West was quick to draw on his legal expertise when the Native American Graves Protection and Repatriation Act was passed the year he joined NMAI. That federal law created a framework for federal agencies and federally funded museums to repatriate certain Native American cultural artifacts, such as sacred burial objects and human remains. 

“Even before 1990,” West recalls, “tribes were saying, ‘We believe that our ceremonial material should be returned to us. We need that for ongoing life right now, and it shouldn’t have been in a museum to begin with.’”

As director, West proceeded to “decolonize” NMAI, not only by removing inappropriate items from the museum’s collection, including human remains that had been on display, and repatriating them to their rightful communities but also by improving representations of Native Americans. 

Rather than refer to Native Americans in the third person in exhibits or other programming, for example, the museum invoked the first person because Native peoples are authorities on their own experiences and materials, West says. He also felt it was important not to relegate American Indians to history but to discuss their past, present, and future.

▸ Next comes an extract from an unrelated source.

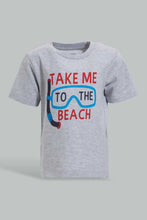 تنزيل الصورة على معرض الصور، Redtag-Grey-Beach-Ss-T-Shirt-Graphic-Prints-Infant-Boys-3 to 24 Months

“There are few people who have had as profound an effect in the museum field as Rick West,” says Lonnie Bunch, secretary of the Smithsonian Institution. “Museums, before Rick West, felt that each story about people of color was an ancillary story. Rick helped to recenter that. He said, ‘This is a museum that is about a community that is still alive.’ He basically said that the museum had a contemporary impact.” 

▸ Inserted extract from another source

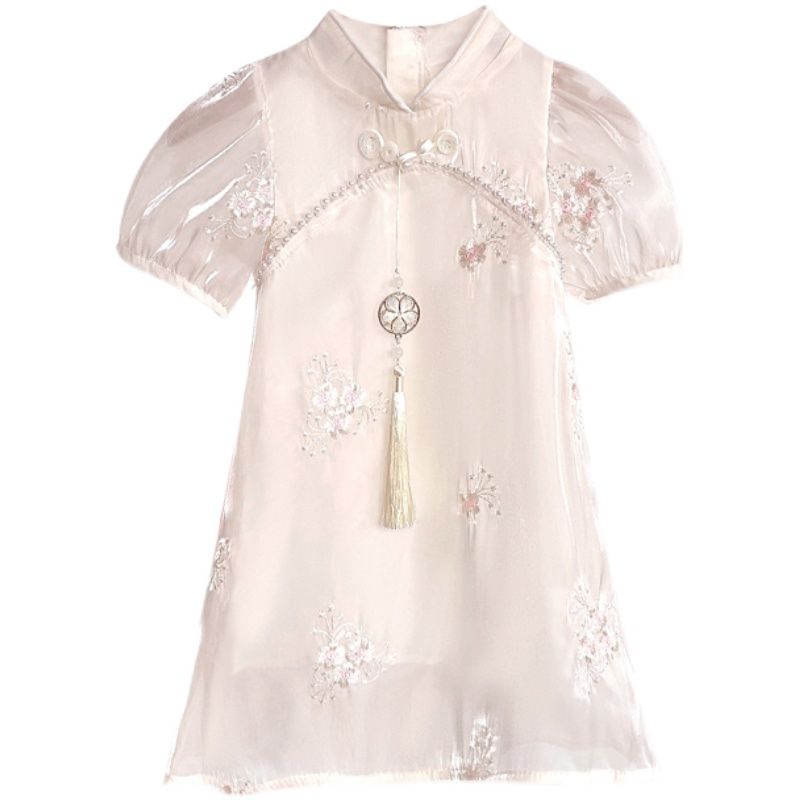 Đầm Sườn Xám Thời Trang Mùa Hè 2022 Mới Yangqi Phong Cách Trung Hoa Cho Bé Gái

In 2013, West was named president and chief executive officer at the Autry Museum of the American West in Los Angeles. There too he tapped his legal background, whether working on governance-related issues or questions of repatriating cultural material and artifacts. 

“The training you receive as a lawyer is to understand all sides of issues,” says Dave Cartwright, board chair for the Autry. “I think that made Rick a really strong museum leader because he didn’t feel it necessary to argue everyone’s point of view. His ability to synthesize ideas and bring people around who are otherwise opponents into a coherent way to address an issue or our history or our collective problems was something legal training gives you.”

Stephen Aron, Autry’s current president and CEO (West retired last year but continues to serve as its ambassador to Native communities), says his predecessor’s mission will continue.

“At the Autry, Rick insisted on moving toward an intercultural rather than a multicultural model, and he really focused more on the mixing and mingling of peoples as opposed to treating cultures as if they’re in isolation from one another,” says Aron. “I think that legacy certainly is central to the vision I have, and I think certainly central to the way in which the Autry continues to move forward.” 

Reflecting on his varied career, West sees the law as the through line connecting his efforts to promote Native American causes and communities.

“Law gave me the ability to act on behalf of Native interests in the legal community, which was extremely important,” West says. “Museums did the very same thing for me in acting on behalf of Native people. Personally, it is important to me that my legal education and my upbringing gave me the facility and the experience to operate in both places.”  SL 

Nadra Nittle is an education reporter for The 19th News, who was previously a staff reporter for Vox Media and the Long Beach Press-Telegram. Her writing has appeared in The Guardian, Business Insider, The Atlantic, BBC News, NBC News, EdSource, and Stanford Business.